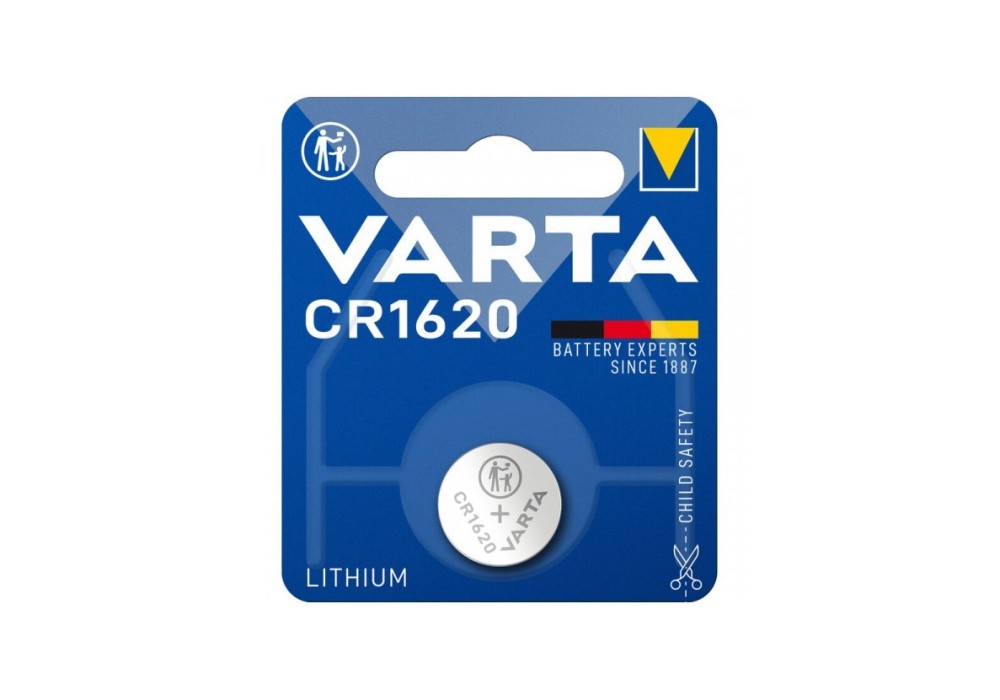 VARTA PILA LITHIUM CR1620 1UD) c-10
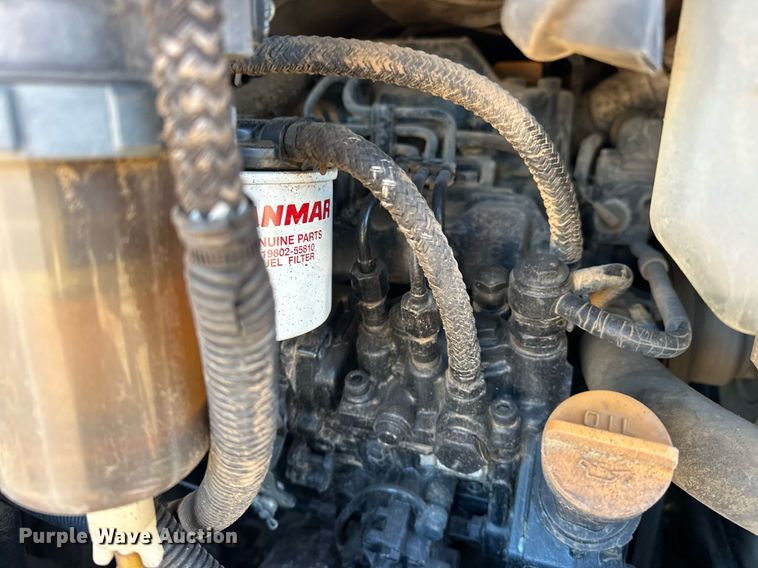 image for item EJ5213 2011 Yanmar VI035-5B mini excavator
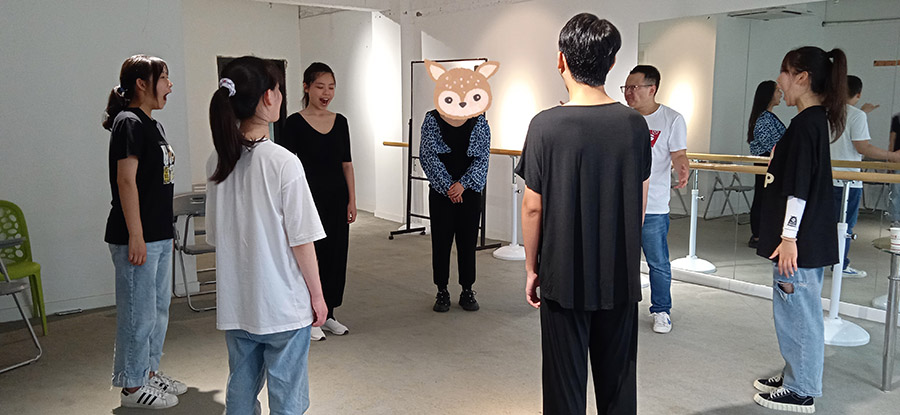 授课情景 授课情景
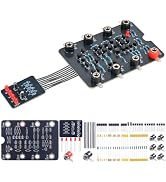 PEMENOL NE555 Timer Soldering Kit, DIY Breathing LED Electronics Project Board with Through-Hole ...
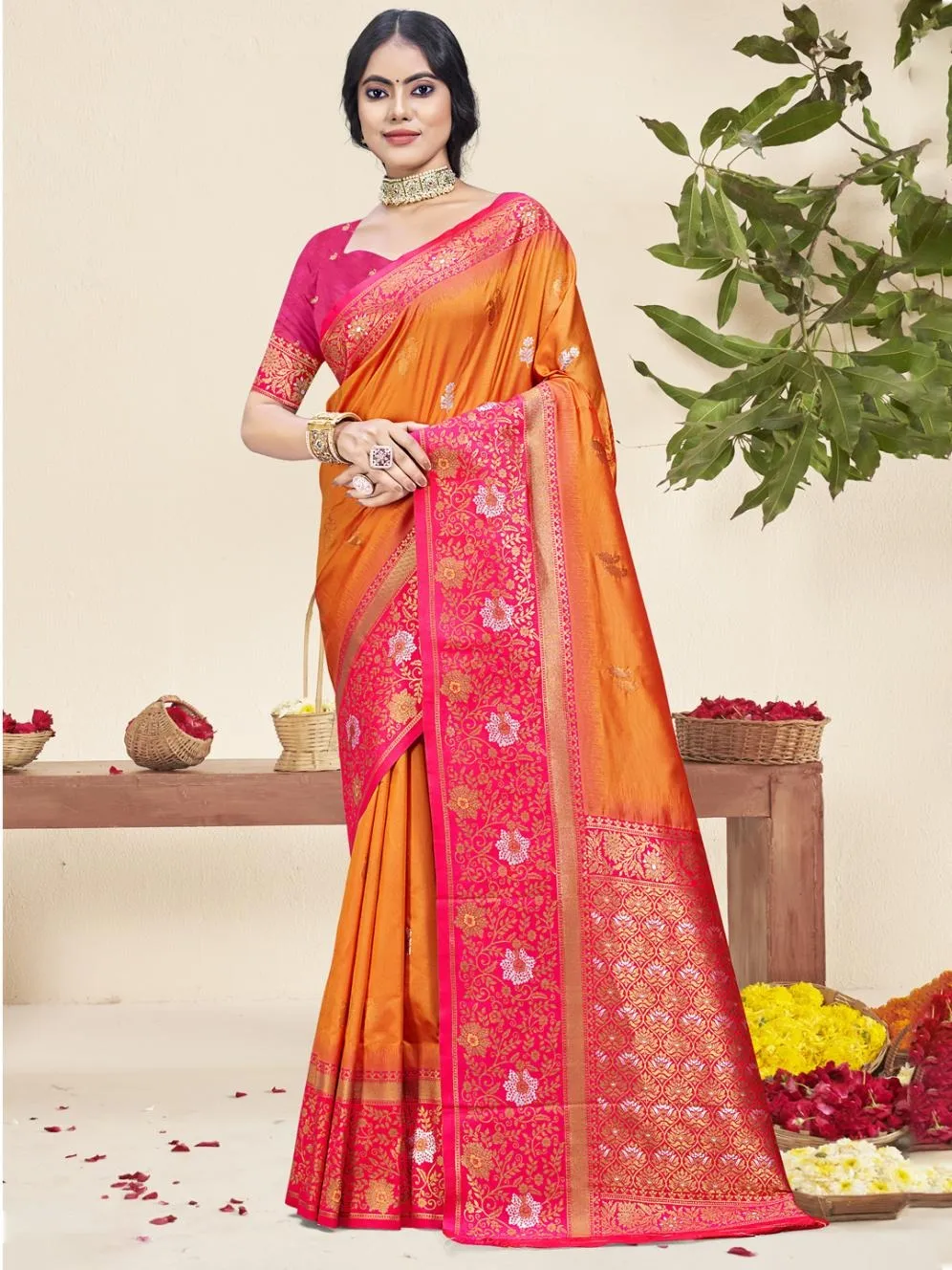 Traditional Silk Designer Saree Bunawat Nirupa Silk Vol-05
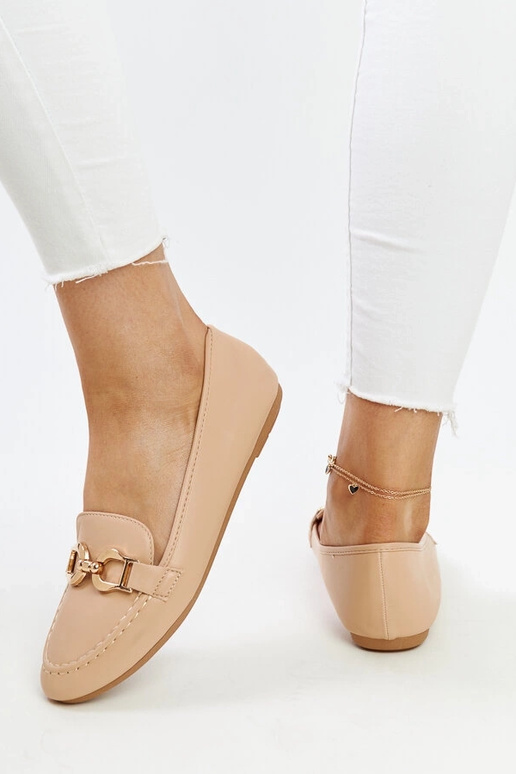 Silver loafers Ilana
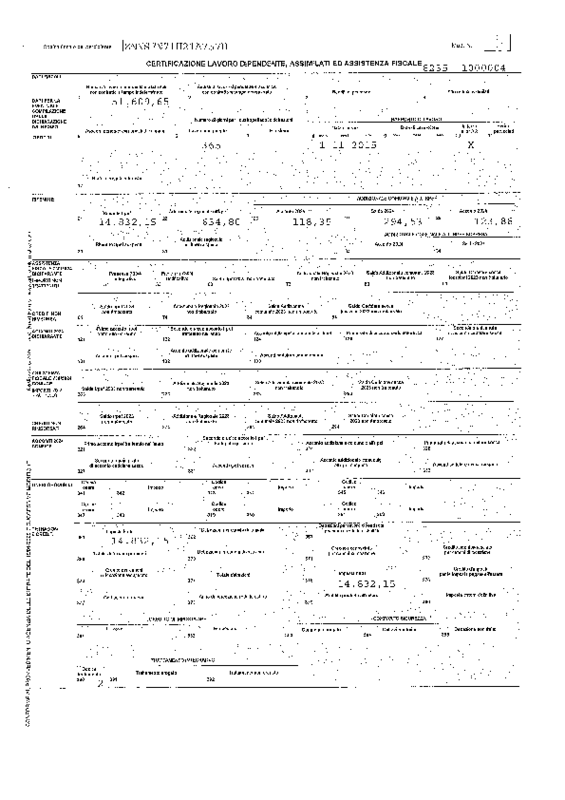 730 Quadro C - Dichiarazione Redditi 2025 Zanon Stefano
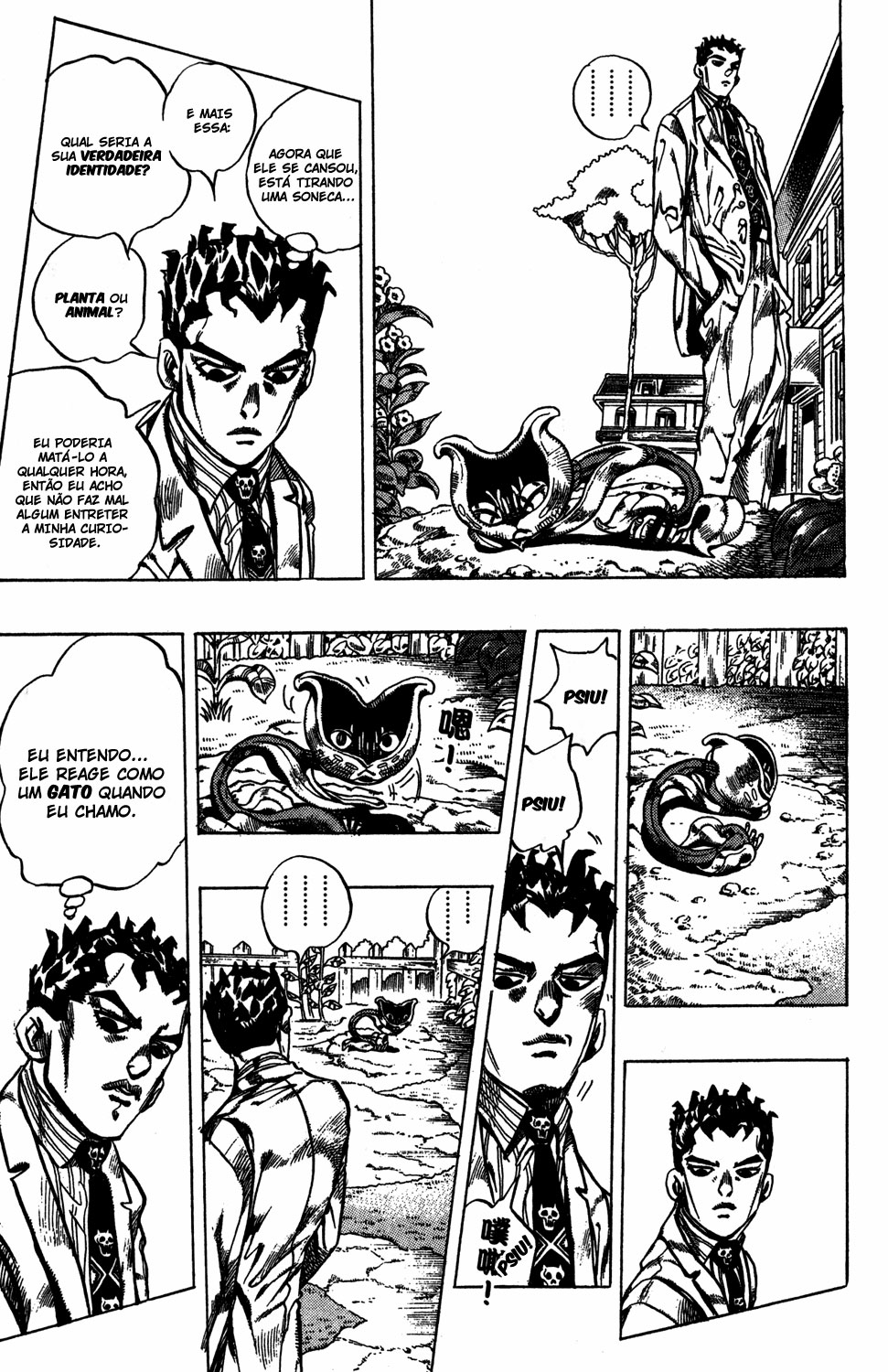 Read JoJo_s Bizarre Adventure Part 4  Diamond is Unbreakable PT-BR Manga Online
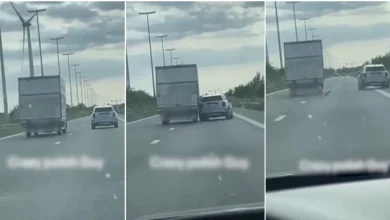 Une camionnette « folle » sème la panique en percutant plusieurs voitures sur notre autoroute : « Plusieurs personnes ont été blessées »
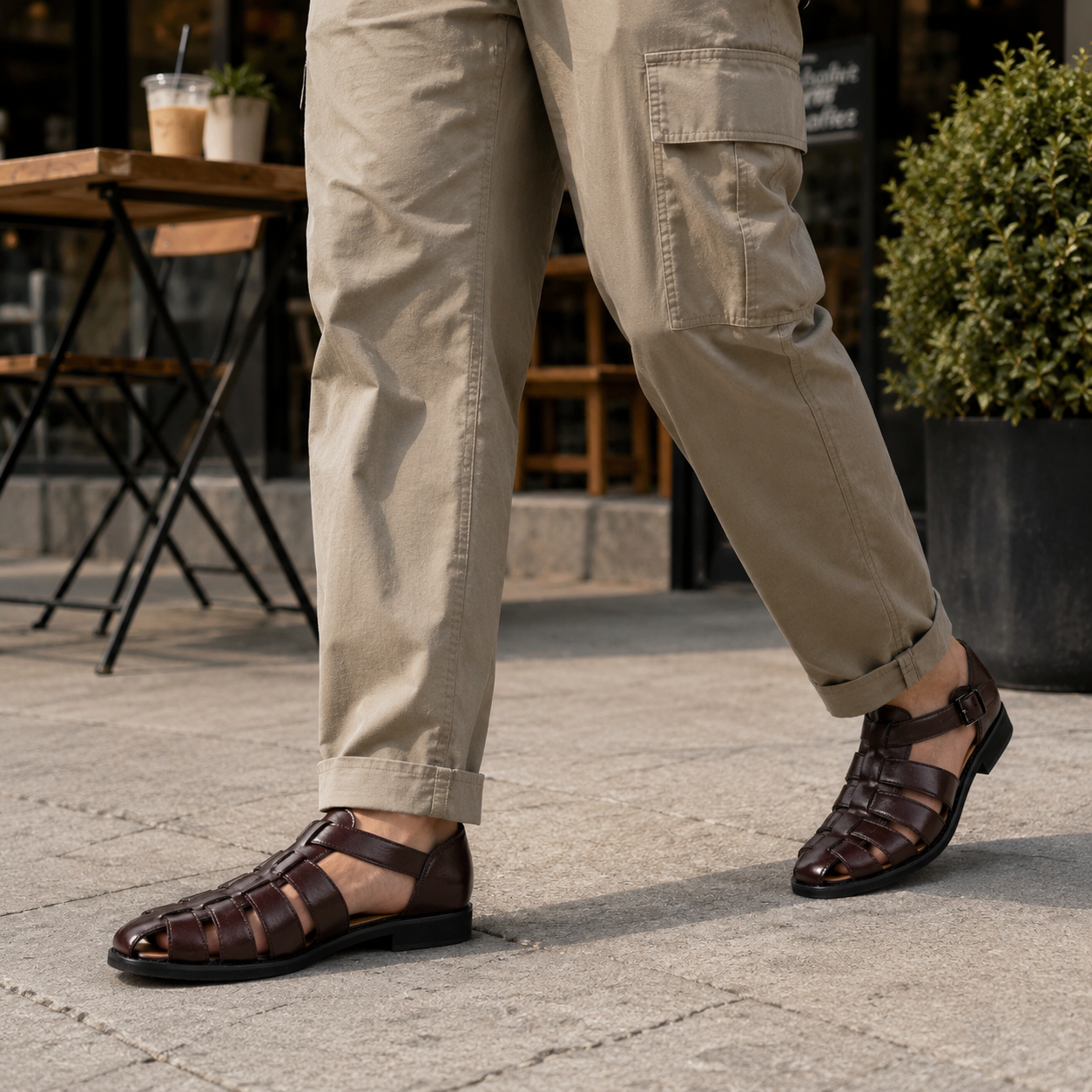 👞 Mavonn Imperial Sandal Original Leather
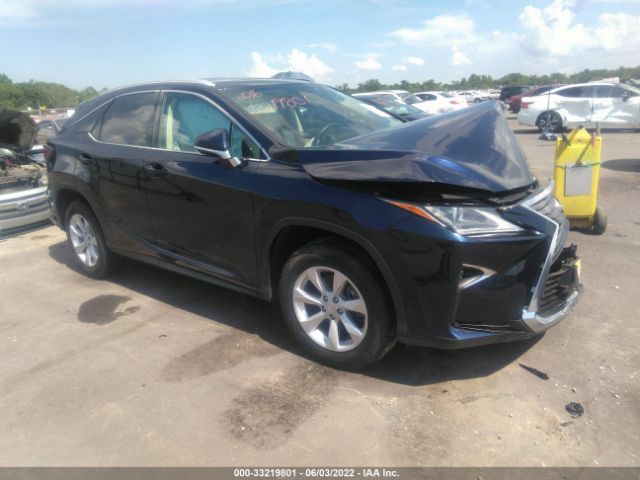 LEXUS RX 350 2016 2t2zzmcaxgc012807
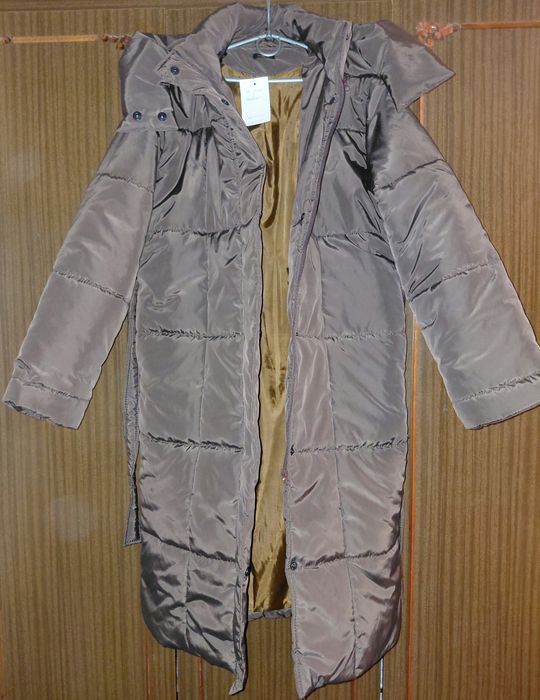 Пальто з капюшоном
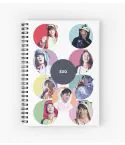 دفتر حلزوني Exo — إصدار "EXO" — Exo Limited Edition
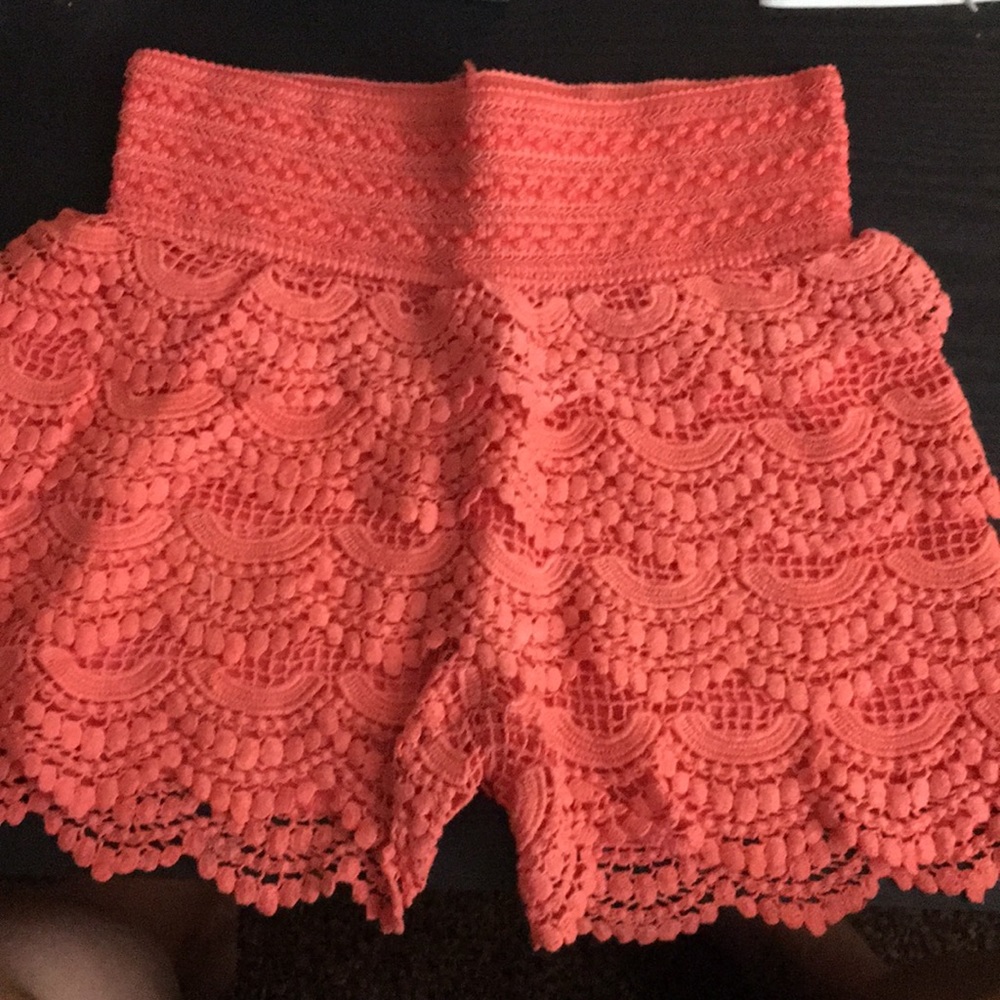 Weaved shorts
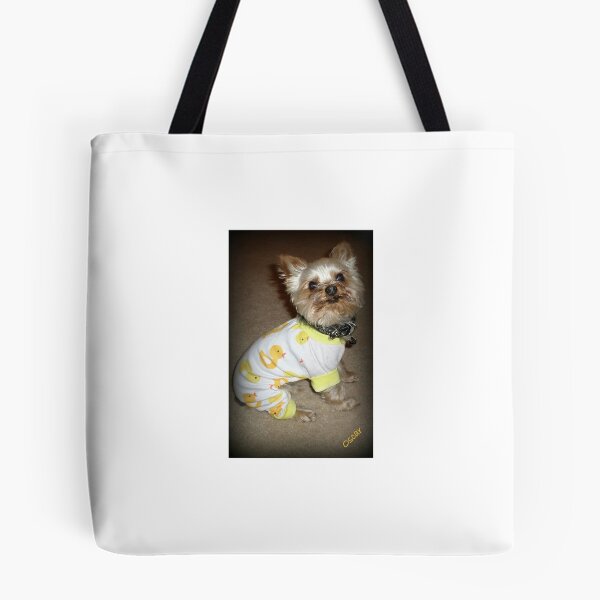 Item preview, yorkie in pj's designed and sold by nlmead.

TASK DESCRIPTION | Exact reproduction of the entries above is required, with pictures excluded.

TASK RESULT |
 VARTA PILA LITHIUM CR1620 1UD) c-10
 image for item EJ5213 2011 Yanmar VI035-5B mini excavator
 授课情景 授课情景
 PEMENOL NE555 Timer Soldering Kit, DIY Breathing LED Electronics Project Board with Through-Hole ...
 Traditional Silk Designer Saree Bunawat Nirupa Silk Vol-05
 Silver loafers Ilana
 730 Quadro C - Dichiarazione Redditi 2025 Zanon Stefano
 Read JoJo_s Bizarre Adventure Part 4  Diamond is Unbreakable PT-BR Manga Online
 Une camionnette « folle » sème la panique en percutant plusieurs voitures sur notre autoroute : « Plusieurs personnes ont été blessées »
 👞 Mavonn Imperial Sandal Original Leather
 LEXUS RX 350 2016 2t2zzmcaxgc012807
 Пальто з капюшоном
 دفتر حلزوني Exo — إصدار "EXO" — Exo Limited Edition
 Weaved shorts
 Item preview, yorkie in pj's designed and sold by nlmead.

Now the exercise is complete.